Lizzie Armitstead has given an emotional interview to the BBC, Britain's public broadcaster, in which she concedes that her reputation has been irrevocably damaged and that a gold medal in the Olympic Games road race on Sunday would be tainted as a result.
"In this situation I'm never going to win," said the 27-year-old. "If I win the race, people will say it's because of something else, and if I lose, people will say it's another reason."
Armitstead had emerged as the golden girl of women's cycling, becoming world champion last September and dominating in the rainbow bands this season, but a dark cloud gathered overhead when it emerged she had been suspended for missing three anti-doping tests in the space of a year. The first of those has been expunged by the Court of Arbitration for Sport, who deemed she was not at fault, and she has been cleared to race in Rio, but the resulting question marks and doubts, according to Armitstead herself, will never dissipate.

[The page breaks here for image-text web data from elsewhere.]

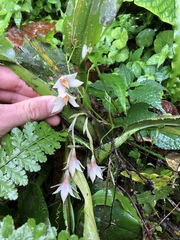 Maxillaria umbratilis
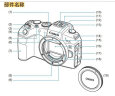 佳能（Canon）EOS RP 全画幅微单数码相机 24-105标准镜头套装 （约2620万像素/轻巧便携） 实拍图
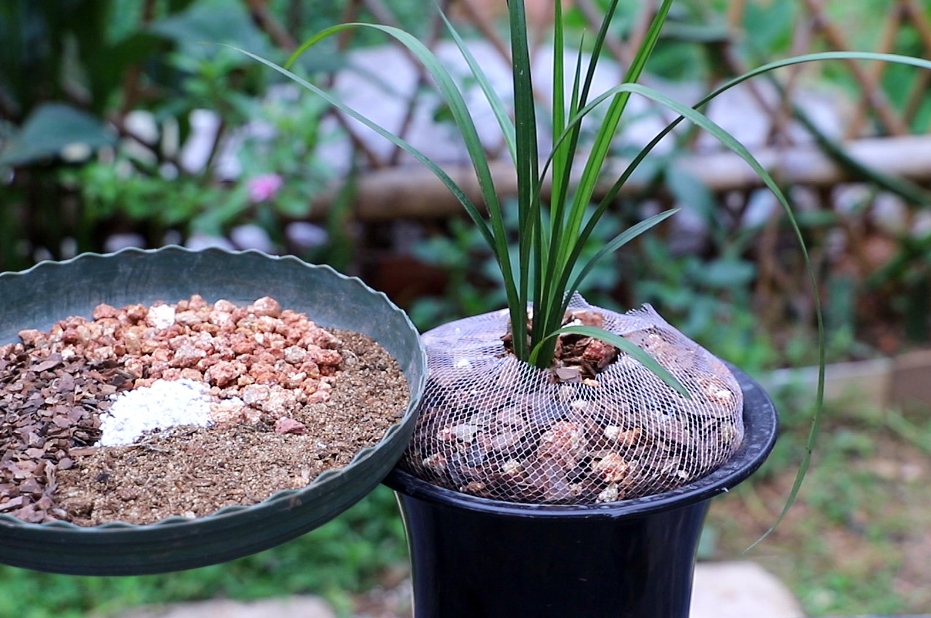 怎样自制兰花的配土方法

"Devastated – absolutely devastated," was her response when asked how she felt about the scepticism that is now coming her way.
"People are going to judge me, they're going to judge my family. I would never cheat, not in any walk of life, I wouldn't cheat. People will think I'm a cheat for the rest of my life and that's because of not ticking a box on a form, and I don't mean to make it sound trivial – it's not – it's a fight we all have to take responsibility for and as world champion I should take it higher than anyone else. But something happened to me and my family that I couldn't control and that's more important to me than cycling."

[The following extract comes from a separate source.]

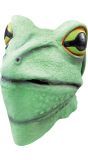 Groen Kikker Masker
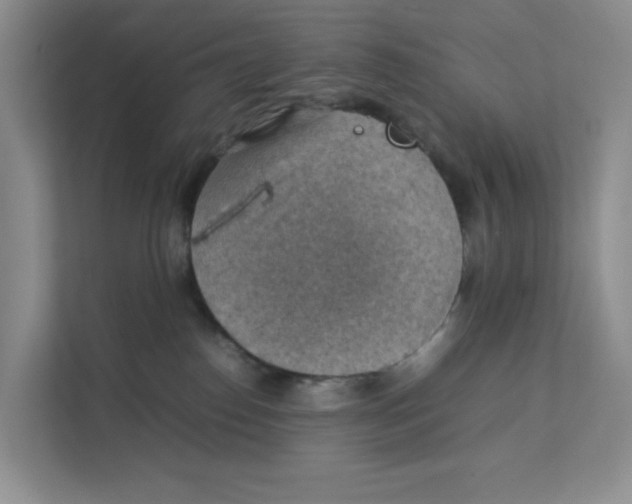 X0000111350186200907310959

Armitstead can count on her family and teammates for support but she revealed that the peloton is split – "there's a large group of girls who do follow the same procedure and understand the situation I'm in, there's large group of them that don't." Her predecessor as world champion, Pauline Ferrand-Prévot, would seem to fall into the latter category, having tweeted the words 'just shameful' in relation to the news – a comment that she later expanded upon.
Armitstead will have to put all that to the back of her mind in the final couple of days leading up to the Olympic road race – as she did when preparing for the race in July with the secret hanging over her – but she recognises she will soon have to come to terms with the fact that nothing will ever be the same again.
"I'm not at the point of accepting it yet but I'll have to come a point of accepting that people will doubt me forever."